→ **PROVIDED ENTRIES**

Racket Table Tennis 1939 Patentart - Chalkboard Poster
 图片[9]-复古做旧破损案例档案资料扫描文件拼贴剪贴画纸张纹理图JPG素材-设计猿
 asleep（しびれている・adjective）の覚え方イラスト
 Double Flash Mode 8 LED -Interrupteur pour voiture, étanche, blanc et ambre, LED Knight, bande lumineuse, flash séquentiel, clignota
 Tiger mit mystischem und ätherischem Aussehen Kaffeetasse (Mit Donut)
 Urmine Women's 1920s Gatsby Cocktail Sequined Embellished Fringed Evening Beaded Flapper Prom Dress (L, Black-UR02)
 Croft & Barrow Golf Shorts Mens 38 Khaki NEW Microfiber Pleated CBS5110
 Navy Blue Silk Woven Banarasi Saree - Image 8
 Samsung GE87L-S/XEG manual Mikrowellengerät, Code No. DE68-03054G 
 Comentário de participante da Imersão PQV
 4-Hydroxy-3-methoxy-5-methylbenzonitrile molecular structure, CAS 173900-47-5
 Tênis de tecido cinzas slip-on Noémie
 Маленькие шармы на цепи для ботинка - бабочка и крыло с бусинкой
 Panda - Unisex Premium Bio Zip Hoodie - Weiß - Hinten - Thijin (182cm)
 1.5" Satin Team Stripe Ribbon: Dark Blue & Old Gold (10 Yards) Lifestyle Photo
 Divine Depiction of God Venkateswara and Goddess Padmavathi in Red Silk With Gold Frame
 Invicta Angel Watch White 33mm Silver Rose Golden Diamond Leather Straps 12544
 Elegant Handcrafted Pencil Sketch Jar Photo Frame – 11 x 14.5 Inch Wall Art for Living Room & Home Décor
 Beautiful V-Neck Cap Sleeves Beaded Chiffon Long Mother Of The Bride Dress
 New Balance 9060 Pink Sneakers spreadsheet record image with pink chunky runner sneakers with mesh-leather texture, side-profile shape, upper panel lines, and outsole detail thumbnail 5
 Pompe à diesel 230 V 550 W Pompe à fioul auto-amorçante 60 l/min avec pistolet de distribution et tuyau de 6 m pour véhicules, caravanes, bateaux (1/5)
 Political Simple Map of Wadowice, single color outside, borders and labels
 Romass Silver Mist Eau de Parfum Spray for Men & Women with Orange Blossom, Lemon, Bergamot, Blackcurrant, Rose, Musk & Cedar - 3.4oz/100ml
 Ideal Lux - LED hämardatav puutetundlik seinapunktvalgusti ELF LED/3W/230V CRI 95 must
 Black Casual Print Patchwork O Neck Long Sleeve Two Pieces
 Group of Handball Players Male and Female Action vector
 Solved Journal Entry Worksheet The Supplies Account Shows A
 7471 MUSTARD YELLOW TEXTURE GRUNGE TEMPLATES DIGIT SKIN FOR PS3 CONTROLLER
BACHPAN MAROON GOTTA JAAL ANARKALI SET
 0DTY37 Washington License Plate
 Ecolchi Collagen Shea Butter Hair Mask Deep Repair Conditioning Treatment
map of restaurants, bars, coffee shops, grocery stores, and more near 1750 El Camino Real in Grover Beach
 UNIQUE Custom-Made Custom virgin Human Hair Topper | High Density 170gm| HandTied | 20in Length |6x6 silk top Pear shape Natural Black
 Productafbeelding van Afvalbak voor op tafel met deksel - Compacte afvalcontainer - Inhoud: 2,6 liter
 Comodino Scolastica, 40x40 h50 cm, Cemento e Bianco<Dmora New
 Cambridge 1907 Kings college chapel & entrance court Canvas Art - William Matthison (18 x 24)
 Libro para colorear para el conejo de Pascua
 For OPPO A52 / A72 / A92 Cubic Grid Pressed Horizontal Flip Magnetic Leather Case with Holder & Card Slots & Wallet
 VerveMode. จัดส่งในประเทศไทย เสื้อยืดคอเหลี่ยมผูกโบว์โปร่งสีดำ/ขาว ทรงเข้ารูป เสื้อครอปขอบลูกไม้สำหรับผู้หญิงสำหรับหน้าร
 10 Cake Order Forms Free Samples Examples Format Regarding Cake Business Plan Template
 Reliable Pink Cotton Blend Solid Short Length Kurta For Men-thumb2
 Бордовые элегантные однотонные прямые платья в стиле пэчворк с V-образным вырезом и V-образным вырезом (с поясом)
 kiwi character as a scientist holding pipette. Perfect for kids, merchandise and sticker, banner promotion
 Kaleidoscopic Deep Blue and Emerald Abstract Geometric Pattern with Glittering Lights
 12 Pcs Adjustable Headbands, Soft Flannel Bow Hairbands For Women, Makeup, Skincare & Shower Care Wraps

→ **TRY IT**
From the records above, transcribe without alteration every line from the one with "Romass Silver Mist" to the one with "7471 MUSTARD YELLOW", inclusive.

→ **OUTPUT OF THE EXERCISE**
 Romass Silver Mist Eau de Parfum Spray for Men & Women with Orange Blossom, Lemon, Bergamot, Blackcurrant, Rose, Musk & Cedar - 3.4oz/100ml
 Ideal Lux - LED hämardatav puutetundlik seinapunktvalgusti ELF LED/3W/230V CRI 95 must
 Black Casual Print Patchwork O Neck Long Sleeve Two Pieces
 Group of Handball Players Male and Female Action vector
 Solved Journal Entry Worksheet The Supplies Account Shows A
 7471 MUSTARD YELLOW TEXTURE GRUNGE TEMPLATES DIGIT SKIN FOR PS3 CONTROLLER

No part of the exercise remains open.